__Task brief__. Nothing in the entries may change when they are transcribed.

__Recorded data__.
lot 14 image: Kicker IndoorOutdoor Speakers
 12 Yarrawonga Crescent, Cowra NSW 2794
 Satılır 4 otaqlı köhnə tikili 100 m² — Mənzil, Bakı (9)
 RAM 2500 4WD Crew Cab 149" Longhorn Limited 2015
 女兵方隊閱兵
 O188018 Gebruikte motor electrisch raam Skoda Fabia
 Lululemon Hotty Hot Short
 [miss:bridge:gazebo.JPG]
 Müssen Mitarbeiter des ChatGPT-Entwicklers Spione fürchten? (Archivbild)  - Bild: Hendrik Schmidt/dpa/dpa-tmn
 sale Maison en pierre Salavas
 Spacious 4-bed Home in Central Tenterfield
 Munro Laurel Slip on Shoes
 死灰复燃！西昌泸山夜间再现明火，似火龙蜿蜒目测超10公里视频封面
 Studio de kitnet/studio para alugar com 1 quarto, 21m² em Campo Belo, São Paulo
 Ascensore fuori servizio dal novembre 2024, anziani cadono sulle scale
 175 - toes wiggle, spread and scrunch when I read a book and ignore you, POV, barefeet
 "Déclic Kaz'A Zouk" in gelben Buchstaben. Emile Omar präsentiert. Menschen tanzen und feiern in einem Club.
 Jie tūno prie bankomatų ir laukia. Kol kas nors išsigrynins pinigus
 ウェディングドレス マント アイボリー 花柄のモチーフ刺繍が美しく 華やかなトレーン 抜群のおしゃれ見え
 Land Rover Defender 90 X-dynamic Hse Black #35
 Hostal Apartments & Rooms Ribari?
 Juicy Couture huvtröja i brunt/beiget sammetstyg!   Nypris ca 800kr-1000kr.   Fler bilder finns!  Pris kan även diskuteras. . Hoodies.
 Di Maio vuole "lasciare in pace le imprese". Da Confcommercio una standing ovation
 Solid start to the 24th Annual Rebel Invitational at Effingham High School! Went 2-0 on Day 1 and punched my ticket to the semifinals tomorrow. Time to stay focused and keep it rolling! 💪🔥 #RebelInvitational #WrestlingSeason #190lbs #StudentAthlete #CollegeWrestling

__Your solution__.
lot 14 image: Kicker IndoorOutdoor Speakers
 12 Yarrawonga Crescent, Cowra NSW 2794
 Satılır 4 otaqlı köhnə tikili 100 m² — Mənzil, Bakı (9)
 RAM 2500 4WD Crew Cab 149" Longhorn Limited 2015
 女兵方隊閱兵
 O188018 Gebruikte motor electrisch raam Skoda Fabia
 Lululemon Hotty Hot Short
 [miss:bridge:gazebo.JPG]
 Müssen Mitarbeiter des ChatGPT-Entwicklers Spione fürchten? (Archivbild)  - Bild: Hendrik Schmidt/dpa/dpa-tmn
 sale Maison en pierre Salavas
 Spacious 4-bed Home in Central Tenterfield
 Munro Laurel Slip on Shoes
 死灰复燃！西昌泸山夜间再现明火，似火龙蜿蜒目测超10公里视频封面
 Studio de kitnet/studio para alugar com 1 quarto, 21m² em Campo Belo, São Paulo
 Ascensore fuori servizio dal novembre 2024, anziani cadono sulle scale
 175 - toes wiggle, spread and scrunch when I read a book and ignore you, POV, barefeet
 "Déclic Kaz'A Zouk" in gelben Buchstaben. Emile Omar präsentiert. Menschen tanzen und feiern in einem Club.
 Jie tūno prie bankomatų ir laukia. Kol kas nors išsigrynins pinigus
 ウェディングドレス マント アイボリー 花柄のモチーフ刺繍が美しく 華やかなトレーン 抜群のおしゃれ見え
 Land Rover Defender 90 X-dynamic Hse Black #35
 Hostal Apartments & Rooms Ribari?
 Juicy Couture huvtröja i brunt/beiget sammetstyg!   Nypris ca 800kr-1000kr.   Fler bilder finns!  Pris kan även diskuteras. . Hoodies.
 Di Maio vuole "lasciare in pace le imprese". Da Confcommercio una standing ovation
 Solid start to the 24th Annual Rebel Invitational at Effingham High School! Went 2-0 on Day 1 and punched my ticket to the semifinals tomorrow. Time to stay focused and keep it rolling! 💪🔥 #RebelInvitational #WrestlingSeason #190lbs #StudentAthlete #CollegeWrestling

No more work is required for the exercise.